Ok, I used to use MYOB basics but I now have a bunch of excel sheets which can be messy.  I would much prefer to use an ANDROID based software on my phone so I can add expenses when I leave the shop, take photos of receipts etc. 
It appears you do transactions on the spot COD via smart-phone now.  That would be good. 
I dont want a sledgehammer to nail a tack. 
Does anyone have a chart of accounts for a brickie tradie sole trader?   
Not employing, insurance, super overheads more than revenue, injuries, disaster in the making. Recipe for bankruptcy if you have assets.  All right if you have nothing to lose with dual passports. 
I want software to invoice, expenses and occasional material supply.
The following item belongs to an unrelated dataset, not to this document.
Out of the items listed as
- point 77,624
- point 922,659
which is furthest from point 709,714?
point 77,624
BACK IT UP IN ONE FILE rather than excel sheets all over.  Although the ability to export to CSV or Excel for migration to accountants office software good. 
Yep, back up to the cloud from android too.  Dropbox, Google drive, cetra cetra 
KISS 
Meta Keywords: tradesmen, tradesman, sole trader, building, accounting, houses, residential, taxation, business, software, housing, accountant

----------


## joynz

Xero

----------


## Pulse

I'm in a different industry but look at cloud based stuff, Xero is booming and has add ons, I use banklink which was acquired by MYOB to do charts of accounts. 
Also paypal here is great, $99 card reader with no ongoing fees to take mobile payments, it goes into your paypal account not bank account.    
Sent from my iPhone using Tapatalk

----------


## Cecile

> banklink

  Just FYI, ATO hates this, or at least has in the past.

----------


## Micky013

> Just FYI, ATO hates this, or at least has in the past.
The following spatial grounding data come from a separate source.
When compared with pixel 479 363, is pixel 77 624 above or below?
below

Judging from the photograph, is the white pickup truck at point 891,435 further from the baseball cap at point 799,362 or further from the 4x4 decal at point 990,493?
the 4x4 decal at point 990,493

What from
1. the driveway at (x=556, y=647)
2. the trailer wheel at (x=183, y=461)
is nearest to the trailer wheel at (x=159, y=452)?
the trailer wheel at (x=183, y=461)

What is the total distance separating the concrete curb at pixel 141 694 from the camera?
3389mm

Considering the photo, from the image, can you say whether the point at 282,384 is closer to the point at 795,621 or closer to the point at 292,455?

  Why would they hate banklink? It's fantastic software that allows you automatically record entries into your software based on reoccurrence. Also saves manual entry and eliminates errors to bank balance. Which means you don't miss a deduction and they don't miss potential income.  
From an accounting point of view it's great.

----------


## Pulse

Xero didn't have credit card bank feeds last time I checked, having a work credit card is a good thing, you could use a master or visa debit though. 
Can't see why ATO would be worried  
Sent from my iPhone using Tapatalk

----------


## Micky013

This is a version of myob the utilises the "cloud" - that had bank link type of capabilities.

----------


## m6sports

What about Quickbooks Online I don't know how it will work for tradies but I use it in my business and it has the feature to take photos of receipts, they in the past had a free trial 
i looked at Xero and it was pricey without any extra features. Also online is great as you can run it on multi devices and never need to backup

----------